Admittedly, dung beetles aren’t exactly as creeped-out by feces as we are, since excrement is the main staple of their diet. They even roll it up into spheres for a takeout meal! Now scientists say those balls of waste serve another purpose as well: They’re also transportable (and slightly fragrant) air conditioners.
In the latest issue of Current Biology, South African and Swedish researchers describe how dung balls double as "mobile thermal refuges."
"Like an air conditioning unit, the moist ball is cooled by evaporative cooling," lead author Jochen Smolka of Lund University in Sweden said in a statement Monday. "The beetles climb their cool balls whenever their front legs and their head overheat from pushing this huge dung ball across the hot South African sand."

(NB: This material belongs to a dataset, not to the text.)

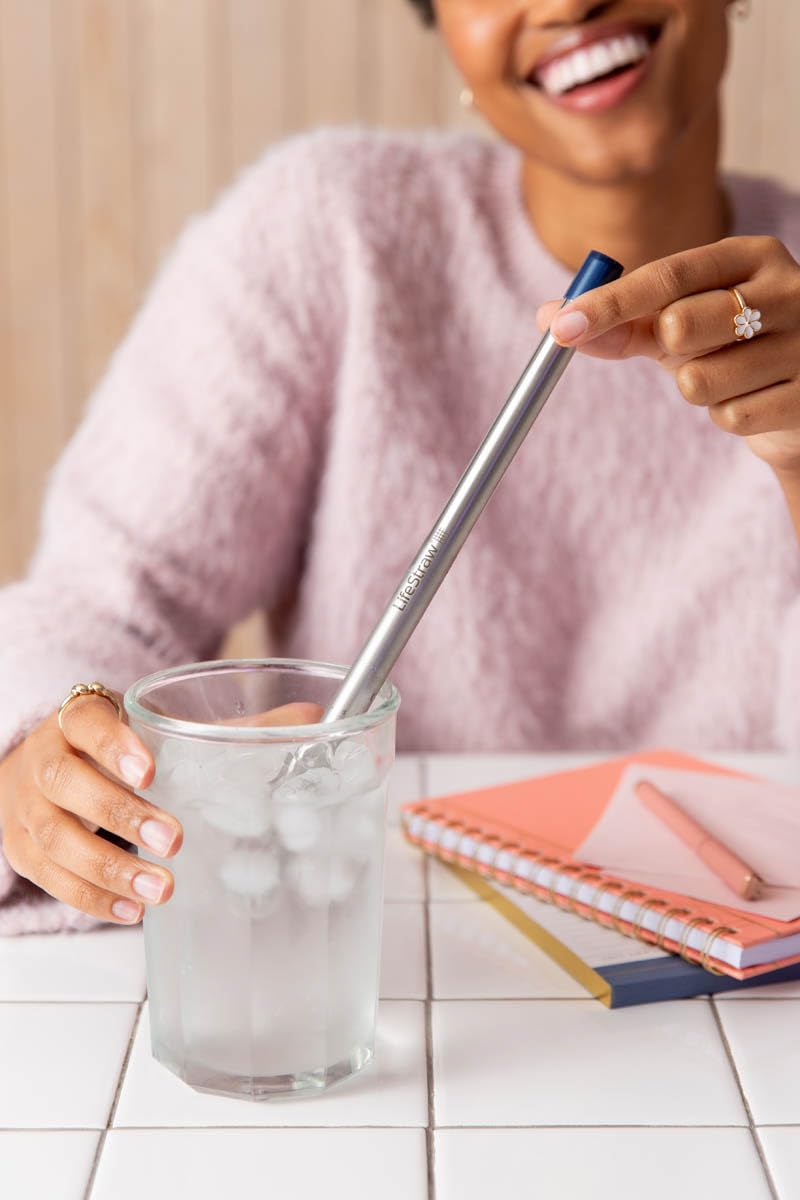 LifeStraw Sip - Paquete de 3 unidades, filtro de agua reutilizable de acero inoxidable con 3 fundas de transporte, elimina microplásticos, bacterias y parásitos para viajes y uso diario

Smolka and his colleagues stumbled onto the phenomenon by accident. They were observing beetles performing their "orientation dance," a little jig the insects perform atop their rolled-up dung balls that helps them get their bearings. The scientists noticed that they seemed to dance more in midday, when the heat was at its most scorching.
The researchers thought that the beetles may get the urge to dance on their dung balls when the temperature on their front legs increases. To test this hypothesis, they outfitted dung beetles with little silicone boots that insulated them from the heat. Booted beetles climbed their dung balls significantly less often than their barefoot brethren.
The authors think the ball-climbing behavior “may have evolved to protect the sensory organs on the legs and head, as well as the beetles’ brain, from temperature-related damage,” according to the paper.
Dung balls can help keep the beetles cool in three ways, according to the paper. The ball functions as an elevated platform above the hot sand. Thanks to evaporative cooling, a moist dung ball has a substantially more comfortable temperature of around 88 degrees Fahrenheit. The lower temperature may allow the ball to function as a heat sink that absorbs heat while the beetle is pushing and when it is dancing. And since the beetle is pushing the ball in front of itself, the cool dung is likely cooling the sand the beetle is about to step on.
"Evolution has an astonishing ability to make use of existing structures for new purposes—in this case using a food resource for thermoregulation,” Smolka said.